Nutanix AHV/AOS Functionality – Removing nodes

A Nutanix ADSF (Acropolis Distributed Storage Fabric) is designed to live forever, meaning as new nodes are added and older nodes removed, the cluster remains online and critically, in a fully resilient state at all times.

While this might not sound that critical, it avoids problems which have plagued legacy (and even many modern) datacenter products where forklift upgrades/replacements are not only complex, high risk and time consuming, they typically also reduce the resiliency of the platform throughout the process.

A common example of reduced resiliency is where one (of two) SAN/NAS controllers is taken offline during a fork lift storage controller upgrade, meaning a single failure can cause the storage to be offline.

Nutanix has now been shipping product for around 5 years so we have had many customers go through hardware refresh cycles, and many more who are about to embark on a HW refresh.

I thought I would quickly demonstrate how easy it is to remove an old node from a cluster and ensure existing and prospective Nutanix customers have the facts about the node removal process.

Firstly lets look at the environment the demonstration is performed on.

We have an AHV environment with 8 nodes with a mix of NX3050 and NX6050 spread over 3 blocks as shown in Nutanix PRISM UI (below).

EnvironmentSummary

To remove a host, all we need to do is go to the hardware tab in PRISM, click the host we want to remove and select Remove Host as shown below.

RemoveHost

No preparation tasks are required at all which also means less planning and change control is required. Once you select Remove Host, the host enters maintenance mode and starts performing the required tasks to remove the node as shown below.

RemoveHost2

As you can see, Acropolis OS (AOS) is removing each individual disk from the cluster before taking the node out of the cluster. This means the configured Resiliency Factor (RF) is always in compliance, ensuring that data is still available even in the event of a drive or node failure. This can be observed on the PRISM Home screen in the data resiliency view shown below.

DataResiliencyStatus

This process is handled by the curator function of AOS and because data is distributed throughout all nodes within the cluster, the process is both lower impact than traditional RAID based solutions or solutions using RAID+Replication, as well as faster because all nodes and therefore CVMs, SSDs and HDDs participate in the process. Nutanix ADSF does not mirror or replicate data from one node to another node, but to and from all nodes. This eliminates the potential bottleneck of a single node.

The following shows the speed at which Nutanix Distributed Storage Fabric (ADSF) performs the data migration even when the majority of data resides on the HDD tier (including in this example).

StoragePoolPerfNodeRemove

For a cluster with 20 x 1TB and 20 x 4TB SATA spindles for a total of 100TB of SATA and just 6.4TB SSD (or approx 6.5%) the node removal rate where it reached >830MBps quite impressive since most of the extents (data) which needed to be replicated throughout the cluster were retrieved from SATA tier.
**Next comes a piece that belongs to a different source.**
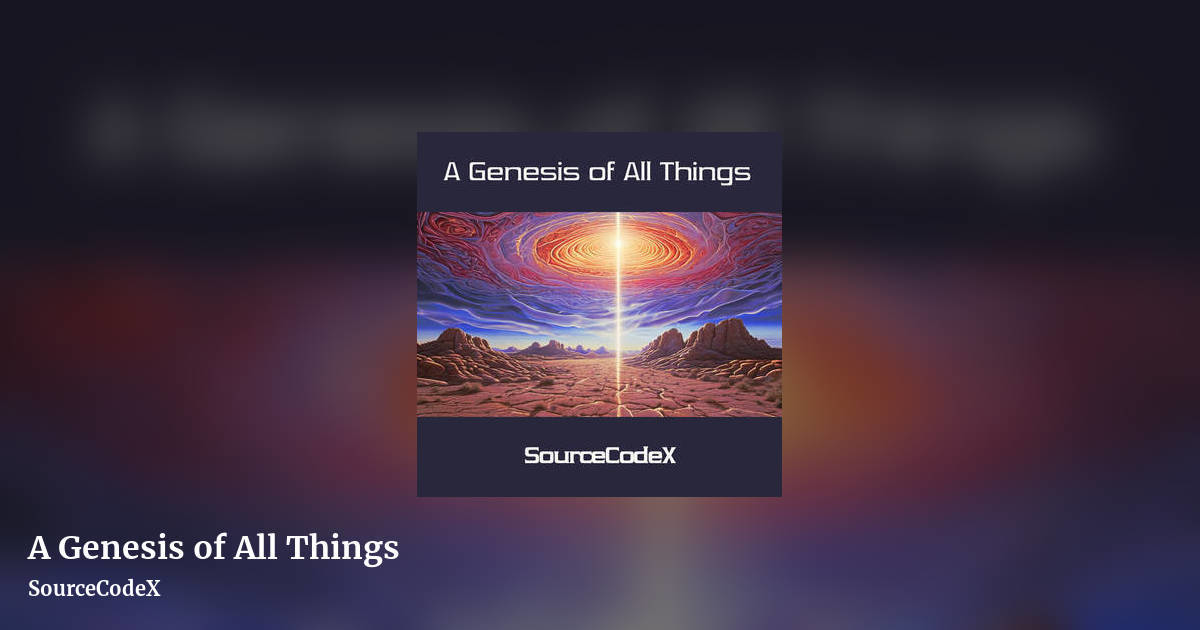 A Genesis of All Things by SourceCodeX, landscape clean share image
The rate at which a node can be removed will vary depending on the front end I/O, node types and cluster size with larger cluster sizes able to remove nodes faster due to more available controllers (CMVs) and importantly more choice of source and destination of extents.

The process can be monitored via the Tasks view (shown earlier) or at a very granular level such as per disk (SSD or HDD).

The below shows us the status of the disk is Migrating Data and it also shows the drive had a significant amount of data on it as this was not an empty cluster demonstration. In fact this screen shot was taken about halfway through the node removal process.

DiskStatus

So many of you may be wondering what the CVM CPU utilisation is throughout this process During the process I took the following screenshot showing the eight Controller VMs, there vCPU configuration (8 vCPUs) and the CPU utilisation.

CVMCPUutilRemoveHost

As we can see, the utilisation ranges from just 6% through to 16% with an average of just under 10%. It should be noted these nodes are using Intel Ivy Bridge processors so with latest generation Intel Broadwell chipsets the process would use less percentage of CPU and perform faster (due to higher per core performance) than on this 3 year old equipment.

Note: The CVM is not just doing IO processing. It is providing the full AHV / AOS management stack which makes the fact the CVM is using under 10% CPU even more impressive.

The Remove host task also resets the configuration of the Controller VM (CVM) back to default which ensures the node can be quickly/easily added to a new or existing cluster.

The end result is a fully functional 7 node cluster as shown below.

EndResultNodeRemoval

Summary:

Node removal from a Nutanix cluster (regardless of hypervisor) is a 1-Click, Non disruptive operation which maintains cluster resiliency at all times while being a fast and low impact process.

Related Articles:

1. VMware you’re full of it (FUD) : Nutanix CVM/AHV & vSphere/VSAN overheads

2. Why Nutanix Acropolis hypervisor (AHV) is the next generation hypervisor

3. Think HCI is not an ideal way to run mission-critical x86 workloads? Think Again!

Think HCI is not an ideal way to run your mission-critical x86 workloads? Think again! – Part 2

Now continuing from Part 1, lets look at another one of VCE COO Todd Pavone’s statements from the COO: VCE converged infrastructure not affected by Dell-EMC article:

We believe that there was a major gap in the core data center for hyper-converged, where customers wanted hyper-converged architecture — they don’t want to invest in tier-one storage or tier-one servers. They want the intelligence in the software, but they also want massive scale. This is for globals, large service providers in a massive scale, like thousands of nodes. We have a large financial service company in New York that is using us for a platform-free application build-up. And they want to pilot it with 10,000 users, but it’s going to go to 10 million users. And so, can we give them an infrastructure for 10,000, but can scale simply and easily to 10 million — or 20 million?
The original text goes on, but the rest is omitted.